▶ [SOURCE MATERIAL]:
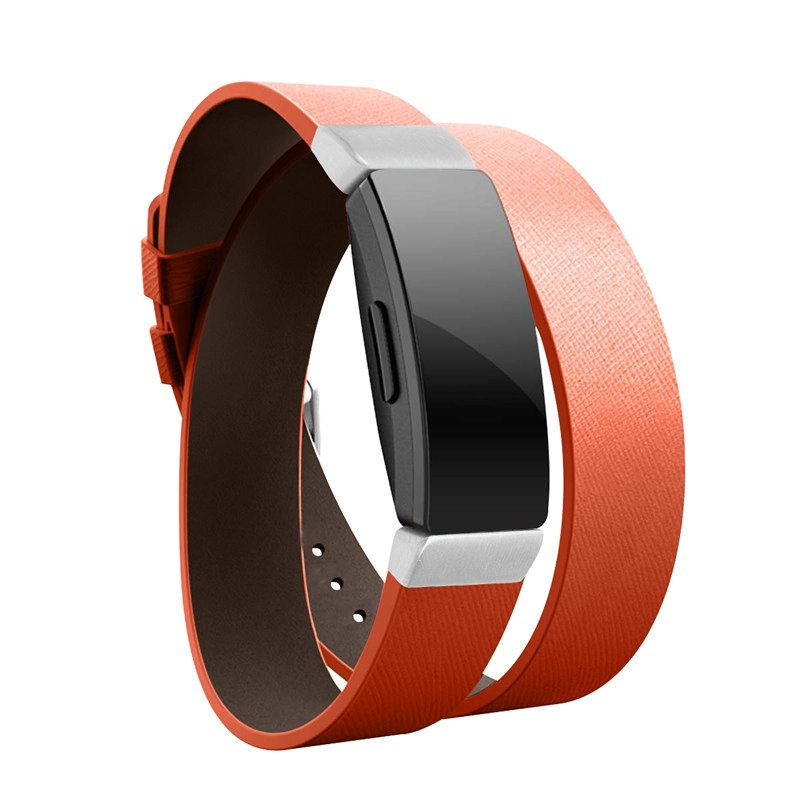 CBFC59 Banda de reloj de cuero larga de doble recorrido para Fitbit Inspire / Inspire HR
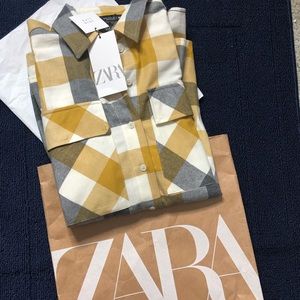 * SOLD * Plaid Shirt -Mustard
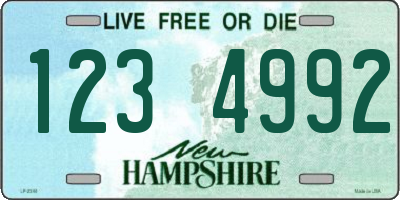 NH license plate 1234992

▶ [ABOUT THIS TASK]:
Skip the pictures, then return the rest of the data exactly.

▶ [THE COMPLETED TASK]:
 CBFC59 Banda de reloj de cuero larga de doble recorrido para Fitbit Inspire / Inspire HR
 * SOLD * Plaid Shirt -Mustard
 NH license plate 1234992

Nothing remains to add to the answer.